## Assignment
Below are records; print only the lines from the line containing "Big Ruffles Baby" to the end, both included, reproduced exactly and without the pictures.

## Data for processing
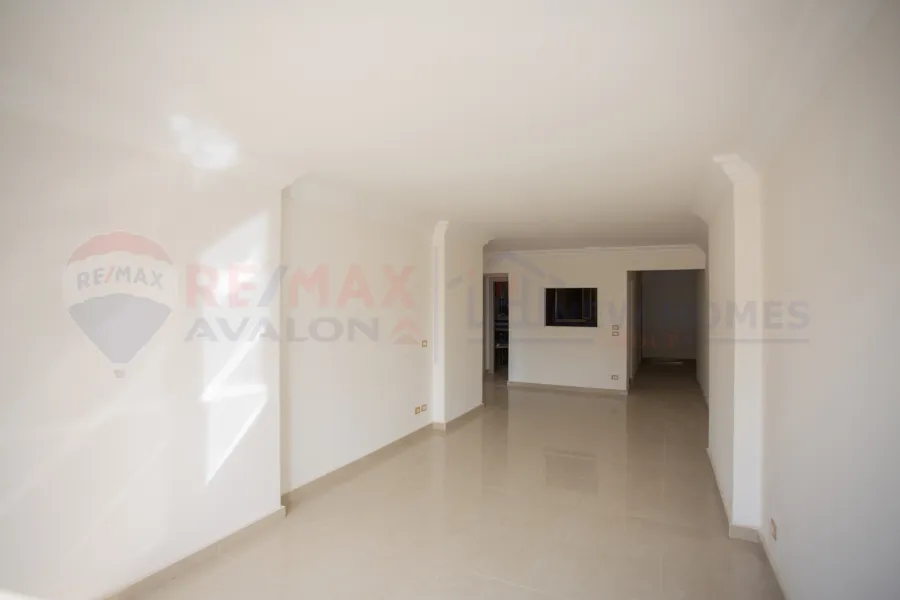 شقة للبيع 185 م لوران (متفرع من ش الاقبال)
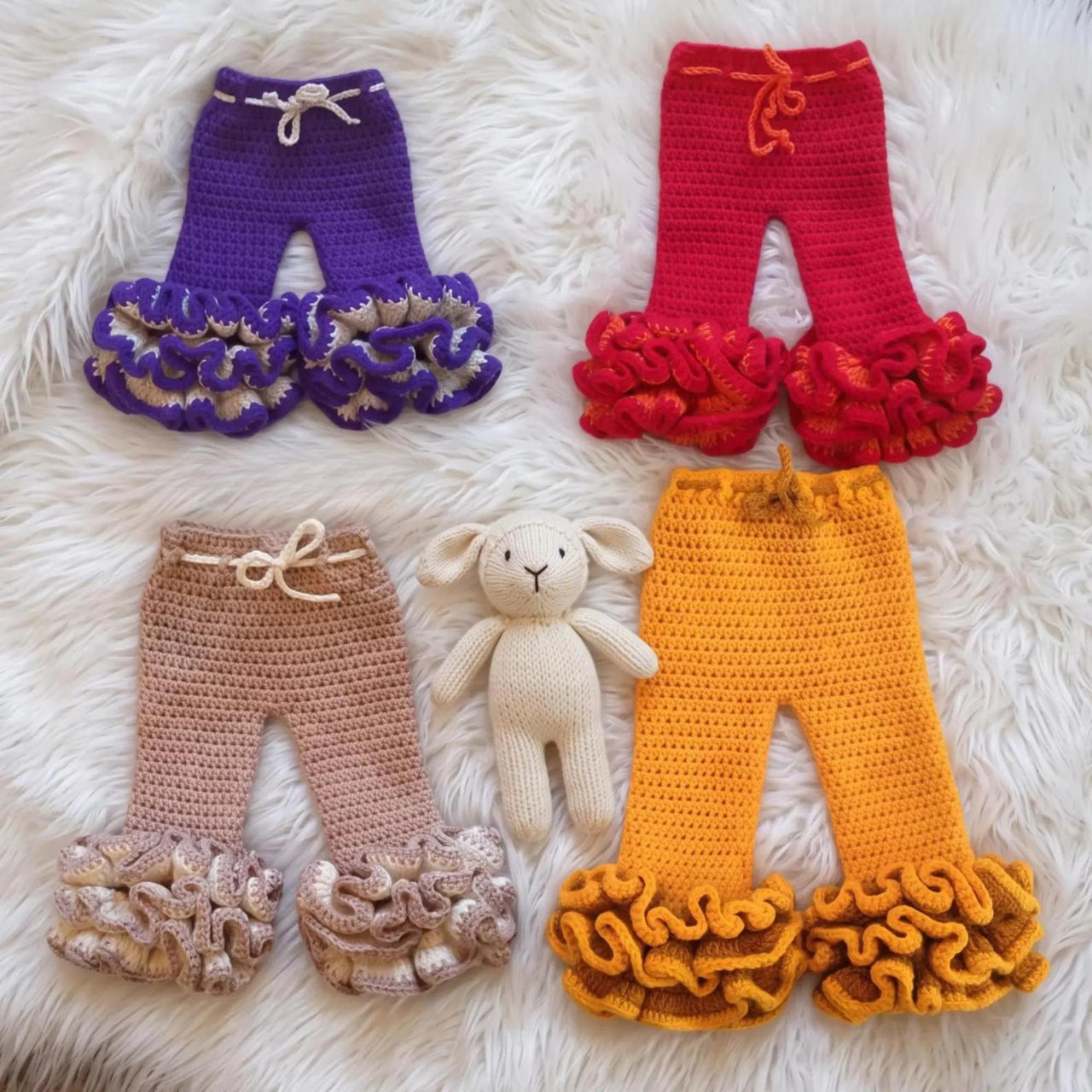 Big Ruffles Baby Pants Crochet Pattern | Easy to Follow | Newborn to 12 Months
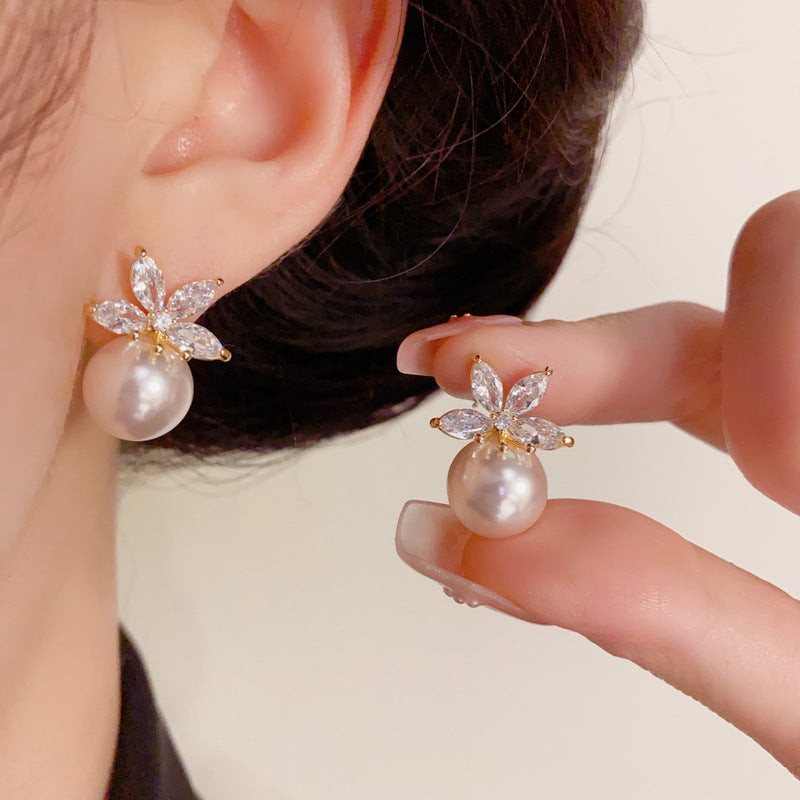 14K Gold-Plated Zircon Leaf Pearl Stud Earrings – Elegant Design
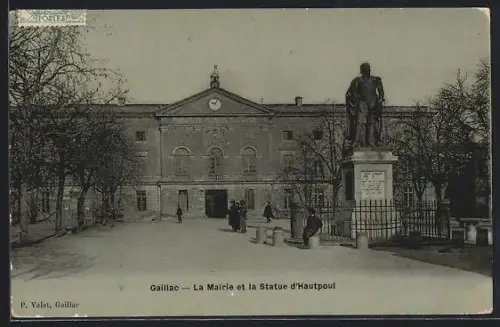 AK Gaillac, La Mariei et la Statue d`Hautpoul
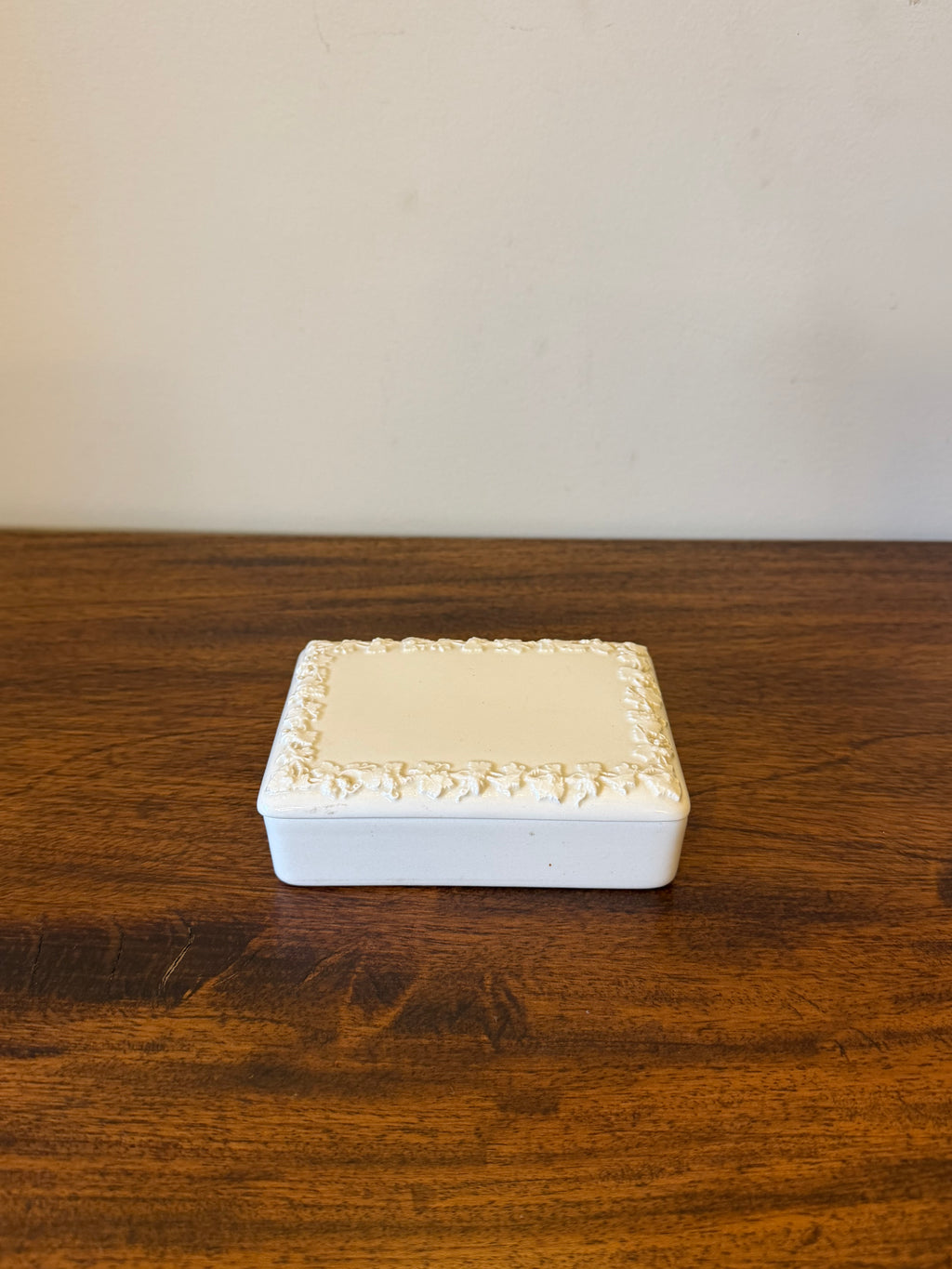 Queensware Trinket Box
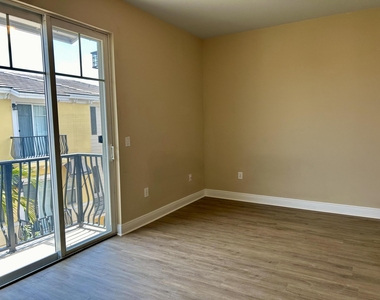 3803 Nw 5th Terrace - Photo Thumbnail 24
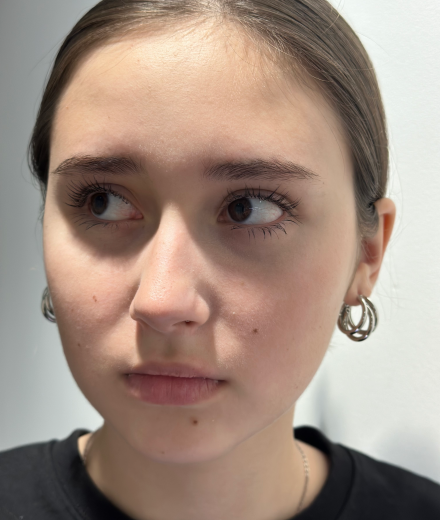 Skropstas un uzacis, Rīga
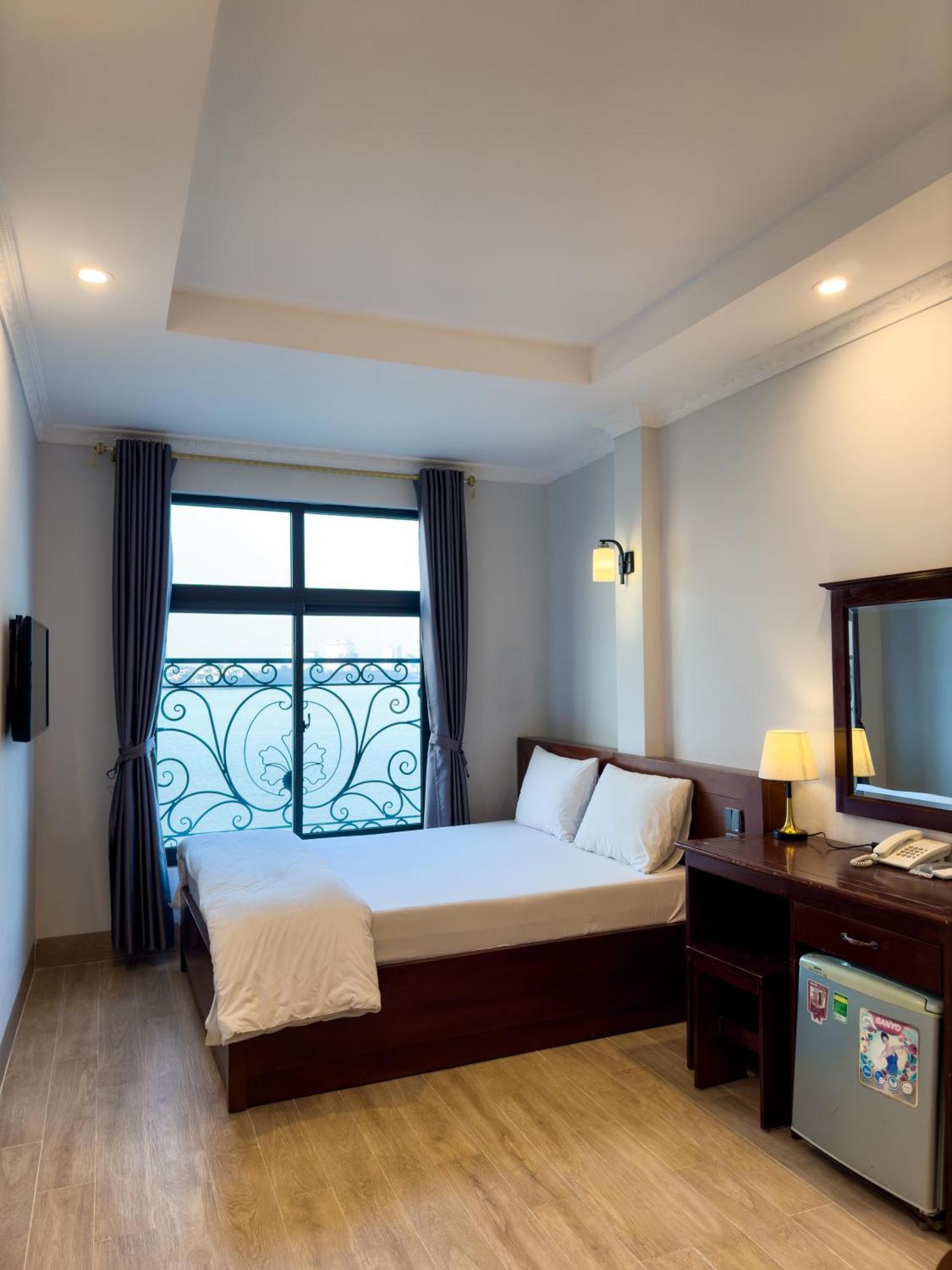 Ven Ho Hotel Hanoi Buitenkant foto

## Expected output
 Big Ruffles Baby Pants Crochet Pattern | Easy to Follow | Newborn to 12 Months
 14K Gold-Plated Zircon Leaf Pearl Stud Earrings – Elegant Design
 AK Gaillac, La Mariei et la Statue d`Hautpoul
 Queensware Trinket Box
 3803 Nw 5th Terrace - Photo Thumbnail 24
 Skropstas un uzacis, Rīga
 Ven Ho Hotel Hanoi Buitenkant foto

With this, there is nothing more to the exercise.